Europe in 4017

What will Europe look like in 2,000 years? International artists offer their thoughts

Victoria & Albert Museum - Exhibition

Europe is in crisis.  Right-wing populism here, the Brexit vote there – how will it continue?  For the “Collecting Europe” festival twelve artists from around the globe have transported themselves to the year 4017.  Initiated by the Goethe-Institut in London and the Victoria & Albert Museum, the exhibition will be made available online after being on display in London.  Here are five of the visions put forward.


Europe and artificial intelligence
In his installation, “The European Classes”, Dutch artist Constant Dullaart is looking for the collective European identity with the aid of so-called neural networks (ConvNets).  These image recognition networks are able to discern certain objects within photographs.  Dullaart has reprogrammed them to focus purely on European pictures.  His work asks how artificial intelligence can influence the image of Europe and perhaps even distort it.         


Nature remains
On the island of Spitzbergen the Global Crop Diversity Trust collects various seed samples at the Svalbard Global Seed Vault.  The tapestry “A World in Waiting” created by artists IC-98 and Kutsaa Saksi depicts what the seed vault will accomplish over the next 2,000 years.  The Finnish duo IC-98 is renowned for its animated films portraying landscapes shaped by technology.  Kutsaa Saksi is a textile artist and designer.  In her piece “A World in Waiting” humanity has already been committed to history but its effects are plain to see.  Plants from around the world sprout up in lush forests and real seeds have been woven into the tapestry's material.


The disappearance of a world we assumed to be safe
“Let me See It” by Italian film maker Rosa Barba tells the story of a man who is losing his sight.  A friend helps him to make a mental note of all the objects in his house.  The images depicted in the film are a metaphor for the disappearance of a world we assumed to be safe as Europe had been for several decades.  The multimedia artist Rosa Barba, who lives in Berlin, has created a work comprising of films, installations and sculptures.  She dispenses with the traditional methods of storytelling used in most films and in doing so creates truly atmospheric works of art.  The language and concept of time are key elements in her work.


Made from sugar
Sugar, that sweetest of vices, has historically been considered a symbol of power and wealth.  The artists from the British collective AVM Curiosities were inspired by this luxury commodity as well as European architectural heritage to create the sculpture “Alabaster Ruins”.  They combined sheets of sugar, produced according to recipes from the 17th century, with contemporary 3D printing.  In this way they were able to bring together fragments from English Tudor, French Gothic, German Baroque and Classical Greek structures.  The sugar forms were produced using items from the Victoria & Albert Museum's collection as templates – ephemerality and the desire to preserve are both reflected in the work.                

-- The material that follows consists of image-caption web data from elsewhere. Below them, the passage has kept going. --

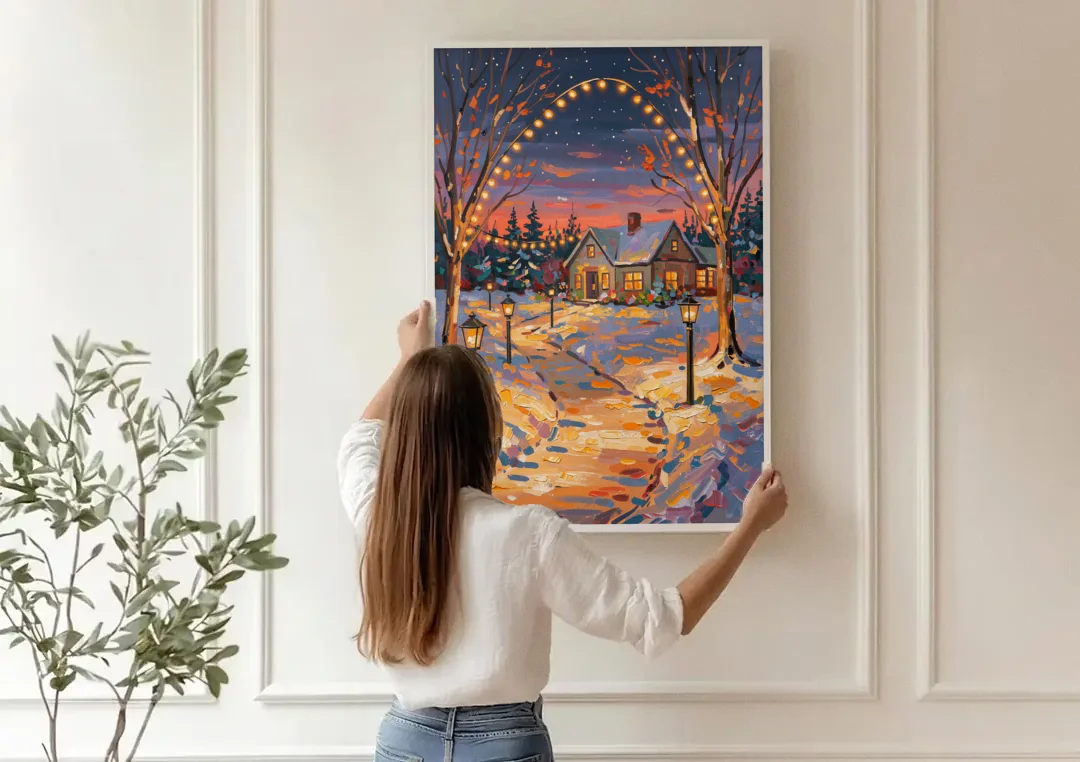 Garland Nighttime Lights canvas wall art being hung on a paneled wall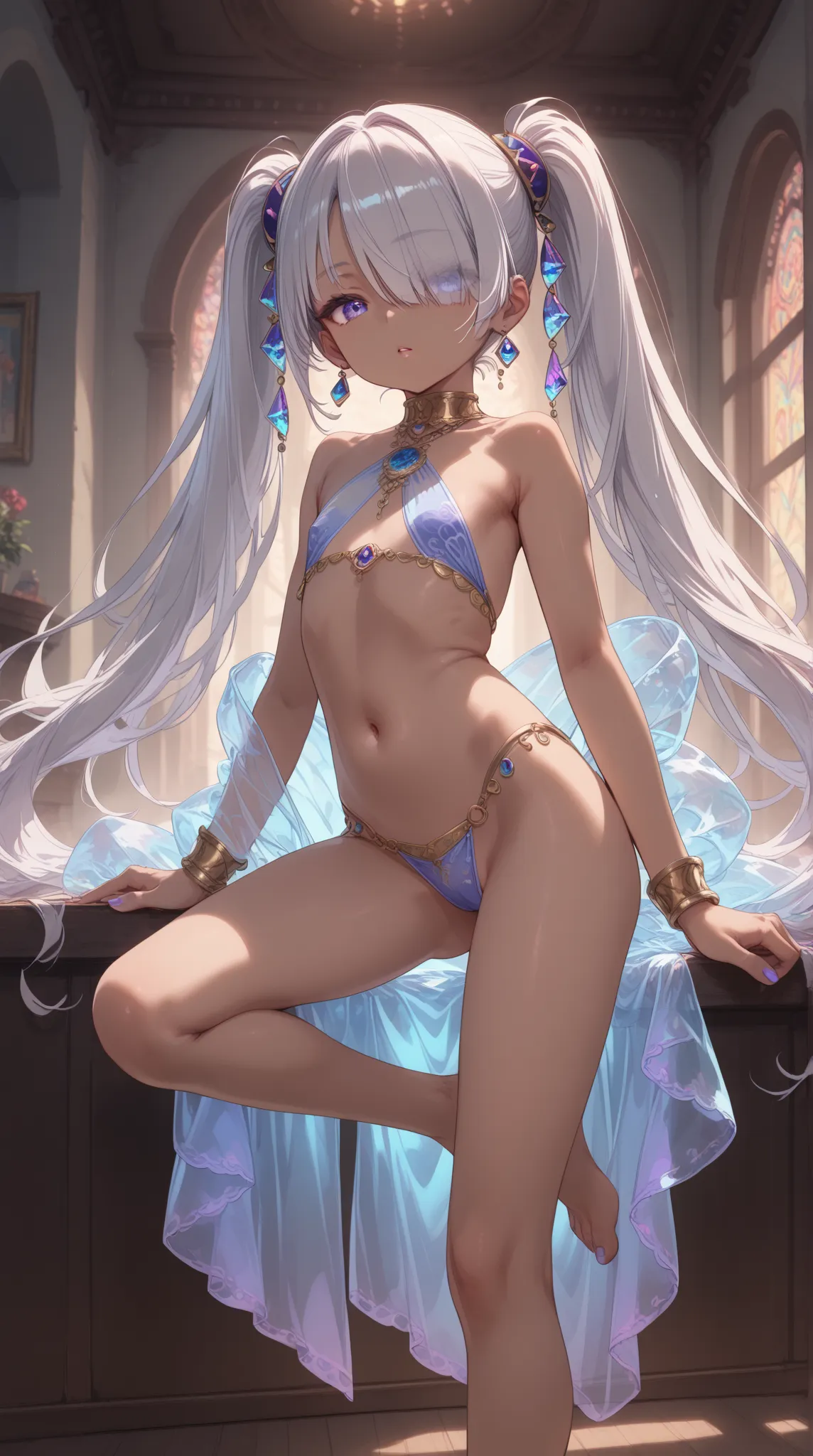 silver hair, bright hair, very long hair, blue purple eyes, hair over one eye, left eye is hidden, twintails, slender, dark skin, flat chest, focus boob, nude, half undress, indoors, raising one leg, shirtless, spread legs, vulgarity, see-through, bellydan...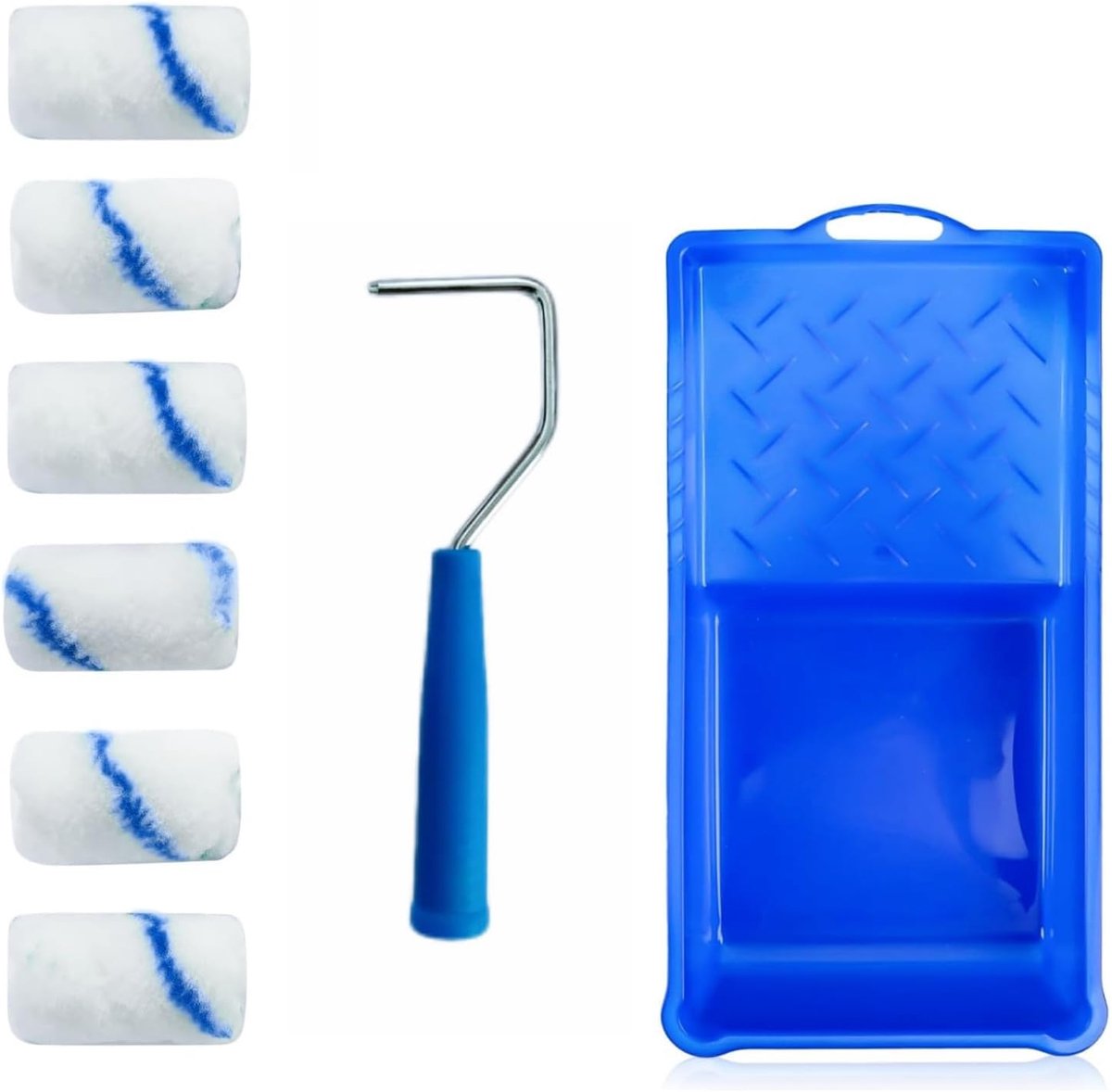 SnelShoppen - Mini Verfroller Set - 6x Blauw-Witte Verfrollers, 1 Verfroller Frame en 1 Verftray - Perfect voor Muurverven en Plafonds - Ideaal voor D
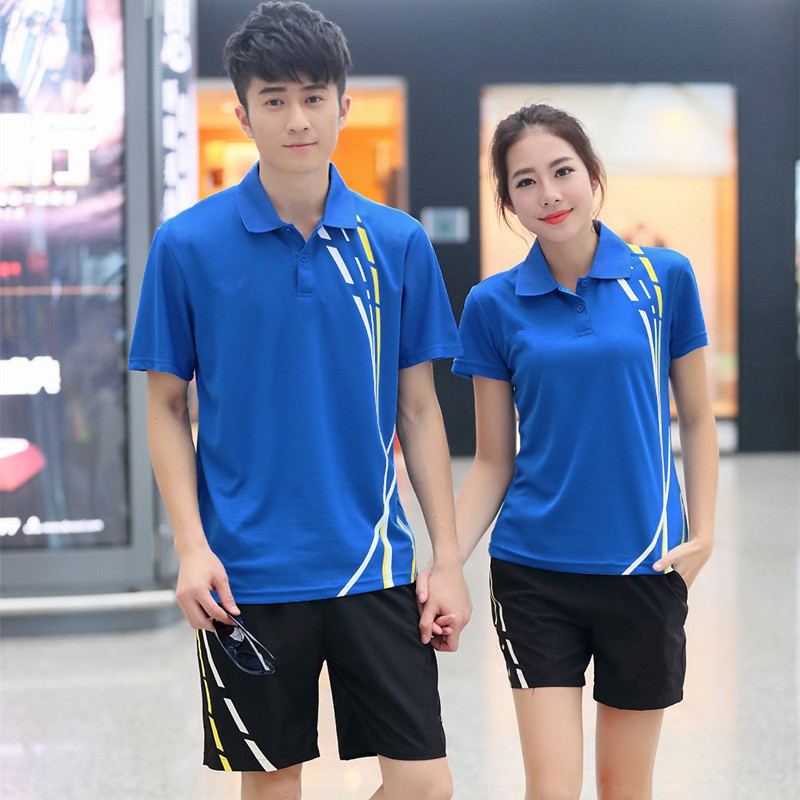 Men's and Women's Summer Couple's Lapel Short-Sleeved Sports T-Shirt Quick-Drying Tennis Wear Badminton Wear Competition Suit Table Tennis Jersey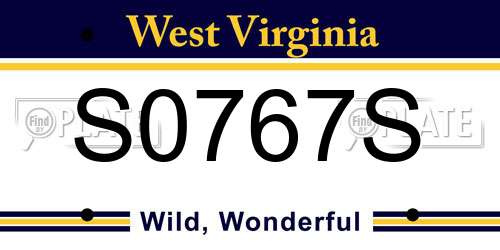 S0767S West Virginia License Plate
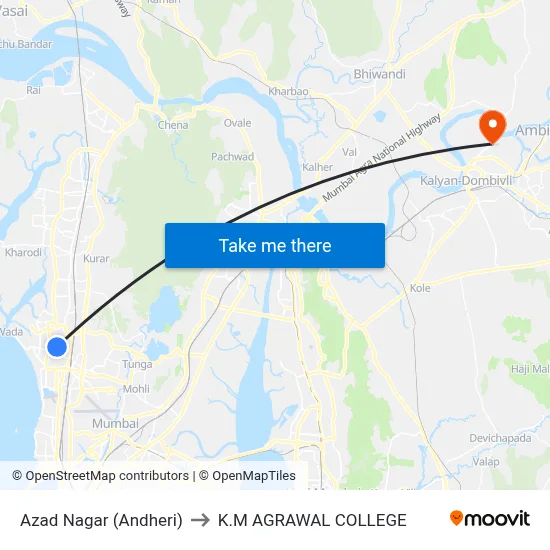 Azad Nagar (Andheri) to K.M AGRAWAL COLLEGE map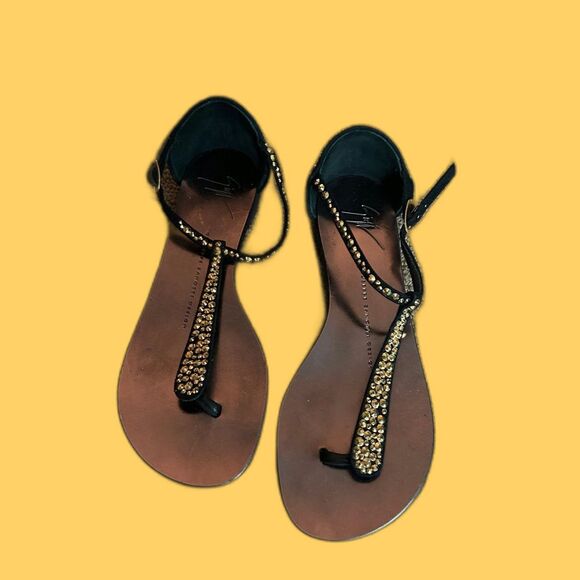 Giuseppe Zanotti Black Leather Sandals with Gold Crystal Embellishments Size 37 - Picture 1 of 6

The installation “Mysteries of Lost Civilisations” sounds like something out of an Indiana Jones film: in the year 4017 archaeologists discover a huge metal plate whose function and origin is unclear.  The plate is covered with relief printings, seemingly deformed but are actually motifs from everyday life.  To create this piece Taiwanese artist Tu Wei-Cheng combined moulding, casting and corrosion methods.  With the aid of these supposed relics he asks us to consider the possible events over the next 2,000 years, which would lead to the discovery of such a cultural relic.  War?  Natural disasters? Or simply time?